Quarantaquattro anni (dodici in più di Luigi Di
Maio), ex ragazzo dell’estrema sinistra napoletana, da presidente della
Camera, sinora Fico ha provato a tenere un profilo istituzionale ma
alimentando – con esternazioni anti-Salvini, e con una tessitura dietro
le quinte - il suo profilo di capofila della sinistra grillina. Un’area
che sinora non ha mai espresso pubblicamente una linea alternativa a
quella di Di Maio-Casaleggio e per parte sua Fico non pare intenzionato,
per indole, ad aprire fronti in nome di una diversa opzione strategica.

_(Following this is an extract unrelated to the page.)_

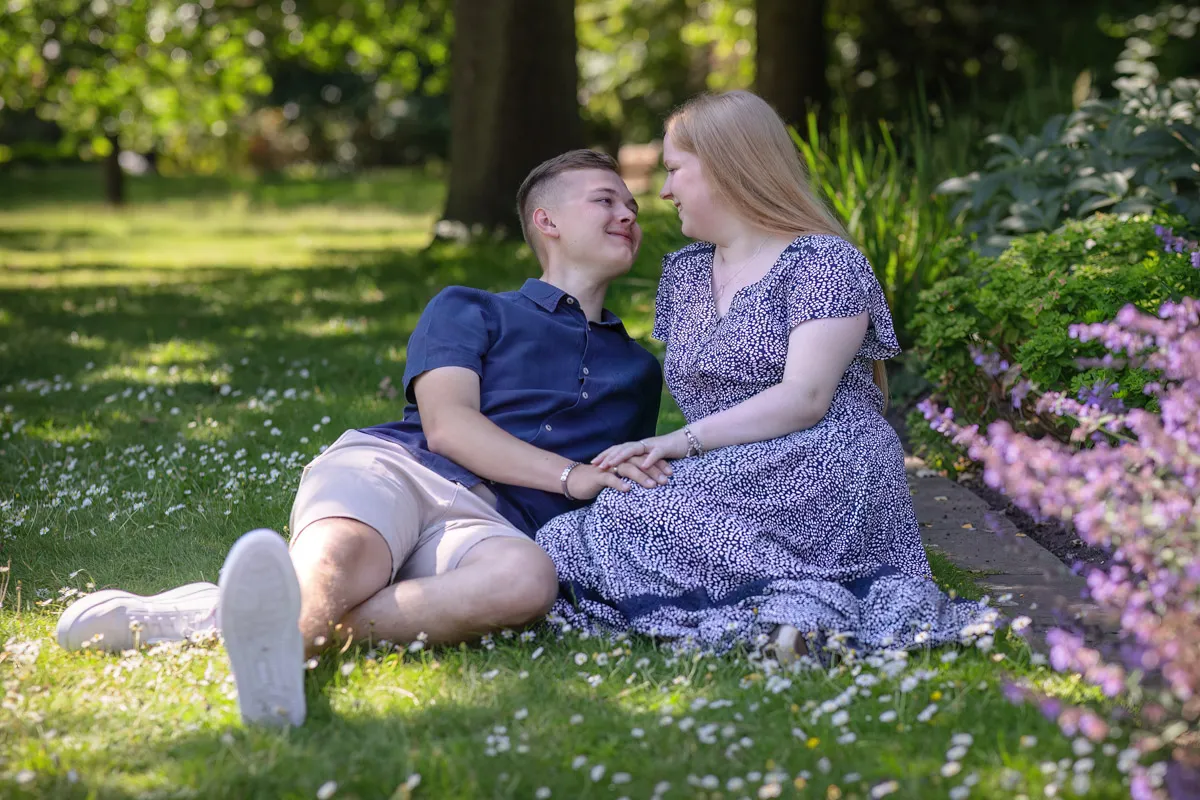 TJP_2024_06_27_0025 A couple sits on the grass in Kelsey Park, smiling at each other during their engagement session. The man wears a navy shirt and light shorts, while the woman is in a blue patterned dress. They hold hands amidst greenery and flowers, with sun filtering through the trees.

Gli basta coltivare il suo ruolo istituzionale e quello interno di
capo-area, ma senza spirito di fazione e tantomeno di battaglia.
Tanto
è vero che l’applauso più fragoroso della serata lo ha preso il
direttore dell’Espresso Marco Damilano, quando ha chiesto a Fico come
mai nessuno lo avesse difeso nella sua politica sui migranti: «Non è
vero – ha risposto il presidente della Camera - mi hanno difeso molti
parlamentari del movimento, alcuni ministri. Non ho bisogno di difesa,
di creare la polemica costantemente, non me ne frega neanche di
rispondere a Salvini». Se quello tra Fico e Di Maio somiglia ad un gioco
delle parti, il presidente della Camera continua ad esprimere con
chiarezza la sua linea sui migranti. E su questo tema gli applausi a
Fico uniscono militanti del Pd e dei Cinque stelle.